Lacédémone, après avoir triomphé d’Athènes, porta sur-le-champ la peine de sa victoire impie ; elle reçut dans son sein de l’argent, de l’or : belle récompense pour avoir affligé la cité de Minerve, et s’être montrée la complaisante du grand roi. La constitution de Lycurgue existait encore, mais de nom, mais éludée, mais trahie, quand un Spartiate puissant, appelé Épitadée, ayant eu un différend avec son fils, fut nommé éphore, et fit une loi (ρήτρα) qui permettait à tout citoyen de laisser sa maison et son héritage à qui il voudrait, soit par testament, soit par donation entre-vifs[1]. Alors les riches, en dépouillant de leurs successions leurs héritiers légitimes, resserrèrent de plus en plus le nombre, déjà petit, des propriétaires.
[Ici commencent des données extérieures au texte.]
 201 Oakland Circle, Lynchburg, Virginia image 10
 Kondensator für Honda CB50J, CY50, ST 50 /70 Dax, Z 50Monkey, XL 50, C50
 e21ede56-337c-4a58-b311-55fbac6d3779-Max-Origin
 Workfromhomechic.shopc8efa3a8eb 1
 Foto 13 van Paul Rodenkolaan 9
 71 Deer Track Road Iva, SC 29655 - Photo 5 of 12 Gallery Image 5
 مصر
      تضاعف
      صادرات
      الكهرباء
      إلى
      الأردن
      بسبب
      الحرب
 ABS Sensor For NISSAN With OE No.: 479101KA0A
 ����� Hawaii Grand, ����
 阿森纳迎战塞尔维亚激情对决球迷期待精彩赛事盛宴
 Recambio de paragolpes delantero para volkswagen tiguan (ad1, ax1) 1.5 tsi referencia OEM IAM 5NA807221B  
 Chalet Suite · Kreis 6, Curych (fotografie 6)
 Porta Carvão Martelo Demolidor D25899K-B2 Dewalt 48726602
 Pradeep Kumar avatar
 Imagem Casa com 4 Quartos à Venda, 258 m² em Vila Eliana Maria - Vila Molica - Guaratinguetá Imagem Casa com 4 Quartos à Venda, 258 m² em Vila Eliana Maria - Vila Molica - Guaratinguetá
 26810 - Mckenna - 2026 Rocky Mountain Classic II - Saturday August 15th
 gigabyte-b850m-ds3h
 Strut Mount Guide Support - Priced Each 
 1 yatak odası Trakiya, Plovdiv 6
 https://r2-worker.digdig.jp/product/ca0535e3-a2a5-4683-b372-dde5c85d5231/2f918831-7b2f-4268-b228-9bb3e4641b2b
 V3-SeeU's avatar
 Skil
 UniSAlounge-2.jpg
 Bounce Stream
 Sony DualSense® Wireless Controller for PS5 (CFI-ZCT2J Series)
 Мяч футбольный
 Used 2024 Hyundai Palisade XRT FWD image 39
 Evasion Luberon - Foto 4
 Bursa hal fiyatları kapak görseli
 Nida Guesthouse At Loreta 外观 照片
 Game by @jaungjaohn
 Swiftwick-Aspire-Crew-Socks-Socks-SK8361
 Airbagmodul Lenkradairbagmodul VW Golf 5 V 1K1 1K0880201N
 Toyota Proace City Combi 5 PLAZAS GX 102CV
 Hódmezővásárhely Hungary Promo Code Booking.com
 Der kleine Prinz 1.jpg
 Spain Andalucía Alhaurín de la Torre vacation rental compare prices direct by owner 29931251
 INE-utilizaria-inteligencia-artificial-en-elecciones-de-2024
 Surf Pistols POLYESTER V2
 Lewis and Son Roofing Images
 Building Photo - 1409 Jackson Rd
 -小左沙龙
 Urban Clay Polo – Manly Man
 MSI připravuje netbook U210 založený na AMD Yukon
Aristote, dans sa Politique, signale ce fait désastreux pour Lacédémone, sans parler expressément, comme Plutarque, d’Épitadée ; mais il y reconnaît la cause des excès de l’olygarchie : διόπες εἰς ὀλίγους ἦϰεν ἡ χὠρα[2]. Deux hommes résolurent de relever la constitution de Lycurgue, et d’appeler les Spartiates à une nouvelle répartition des terres. Agis, esprit généreux, héroïque, roi populaire, ne craignit pas d’engager sa destinée et celle des siens dans une orageuse révolution. Il voulut partager de nouveau le territoire, en raison des progrès de la société lacédémonienne. Quelle est la pensée de son entreprise ? est-ce le mépris de la propriété ? C’est au contraire le désir de la propager et de la répandre. Les lois agraires ont été repré-

  1. Plutarque, Vie d’Agis et de Cléomène, chap. 6.
  2. Aristote, Politique, liv. ii, chap. 10, 55, 6 ; édit. Coray, pag. 53.